In my early years, Mum would give up trying to get the Ascot to work and with a sigh, she would get the matches, light the gas on the kitchen cooker, and wait for the saucepan to boil to make me a bath. (Like many of their generation, my parents grew up with the ‘strip wash’ over a basin full of warmed-up water, so my little baths, somehow, tended to take precedence over their own requirements.)
Then, as I grew bigger, I was allowed to ‘make’ the nightly bath myself, carefully taking each heated saucepan into the bathroom to slosh it into the bath, nervously testing the hot water to see how much cold I could add to move things along and allow me get into the bath to finally splash around.
Only when I’d reached my early teens did things improve, and better, more efficient water heaters were installed in the kitchen and bathroom, as well as new gas fires that replaced the coal fires in the other rooms.

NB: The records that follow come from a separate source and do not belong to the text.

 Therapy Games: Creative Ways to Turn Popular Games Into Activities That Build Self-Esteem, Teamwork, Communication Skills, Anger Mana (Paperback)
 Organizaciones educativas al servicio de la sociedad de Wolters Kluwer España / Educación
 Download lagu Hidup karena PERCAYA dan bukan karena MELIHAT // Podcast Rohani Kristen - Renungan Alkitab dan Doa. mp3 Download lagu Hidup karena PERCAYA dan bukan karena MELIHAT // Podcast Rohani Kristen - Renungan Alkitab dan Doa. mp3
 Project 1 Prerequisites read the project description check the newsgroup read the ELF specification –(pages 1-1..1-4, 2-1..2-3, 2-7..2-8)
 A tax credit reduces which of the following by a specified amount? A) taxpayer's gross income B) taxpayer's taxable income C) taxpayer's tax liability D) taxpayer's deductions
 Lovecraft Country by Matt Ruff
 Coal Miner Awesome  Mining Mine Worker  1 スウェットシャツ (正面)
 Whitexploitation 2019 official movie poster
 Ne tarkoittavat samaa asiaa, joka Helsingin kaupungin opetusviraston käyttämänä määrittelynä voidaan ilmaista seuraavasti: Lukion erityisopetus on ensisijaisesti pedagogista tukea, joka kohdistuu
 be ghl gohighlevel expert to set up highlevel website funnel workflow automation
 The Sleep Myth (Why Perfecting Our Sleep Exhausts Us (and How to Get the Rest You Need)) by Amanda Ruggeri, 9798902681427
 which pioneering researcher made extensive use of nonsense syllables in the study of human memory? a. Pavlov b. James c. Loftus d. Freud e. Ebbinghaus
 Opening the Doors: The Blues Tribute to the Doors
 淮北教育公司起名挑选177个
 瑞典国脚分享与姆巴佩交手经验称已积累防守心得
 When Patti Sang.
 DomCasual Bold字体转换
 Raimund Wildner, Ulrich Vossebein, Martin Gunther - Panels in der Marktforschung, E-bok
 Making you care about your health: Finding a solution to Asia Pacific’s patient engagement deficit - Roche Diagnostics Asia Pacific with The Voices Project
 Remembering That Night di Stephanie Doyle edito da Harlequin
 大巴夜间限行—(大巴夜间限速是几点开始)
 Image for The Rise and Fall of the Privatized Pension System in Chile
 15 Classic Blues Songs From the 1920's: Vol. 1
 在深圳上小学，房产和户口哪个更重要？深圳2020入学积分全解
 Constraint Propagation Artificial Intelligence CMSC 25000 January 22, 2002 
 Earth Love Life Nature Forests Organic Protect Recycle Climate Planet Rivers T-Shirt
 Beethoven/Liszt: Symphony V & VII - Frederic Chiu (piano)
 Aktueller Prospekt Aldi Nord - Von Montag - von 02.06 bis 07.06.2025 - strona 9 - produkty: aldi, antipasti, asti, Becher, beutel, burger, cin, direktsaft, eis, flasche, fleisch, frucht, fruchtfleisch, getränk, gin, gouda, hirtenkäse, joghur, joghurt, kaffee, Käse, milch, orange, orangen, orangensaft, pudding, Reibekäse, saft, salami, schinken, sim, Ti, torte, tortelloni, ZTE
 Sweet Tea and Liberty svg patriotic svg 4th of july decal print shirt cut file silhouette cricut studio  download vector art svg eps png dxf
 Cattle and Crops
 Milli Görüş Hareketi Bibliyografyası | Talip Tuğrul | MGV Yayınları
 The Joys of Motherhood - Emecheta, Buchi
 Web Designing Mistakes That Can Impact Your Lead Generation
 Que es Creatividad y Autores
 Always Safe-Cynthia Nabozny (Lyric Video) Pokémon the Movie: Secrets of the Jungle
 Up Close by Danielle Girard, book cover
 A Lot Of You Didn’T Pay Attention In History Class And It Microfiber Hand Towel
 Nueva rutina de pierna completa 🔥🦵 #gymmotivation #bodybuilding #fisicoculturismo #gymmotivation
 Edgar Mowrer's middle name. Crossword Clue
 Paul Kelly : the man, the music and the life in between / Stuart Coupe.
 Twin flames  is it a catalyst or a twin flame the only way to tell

But for me, bathtime as a kid will always be associated with trying to wash myself in a less-than-satisfactory amount of tepid water, always watched by the white Monster over the bath and the flickering pilot light, taunting me endlessly with their power.
CHAPTER 9
A D IAMOND R ING
N ot everyone in our street was as involved as we were in acquiring goods via the thriving black market through the early post-war years. The family who inhabited the condemned house on the corner, the Coopers, and their boy Bobby, or our downstairs’ neighbour Maisie in the ground-floor flat, weren’t likely to splurge on any of the black-market luxuries found in our home: you needed hard cash to continuously take advantage of it.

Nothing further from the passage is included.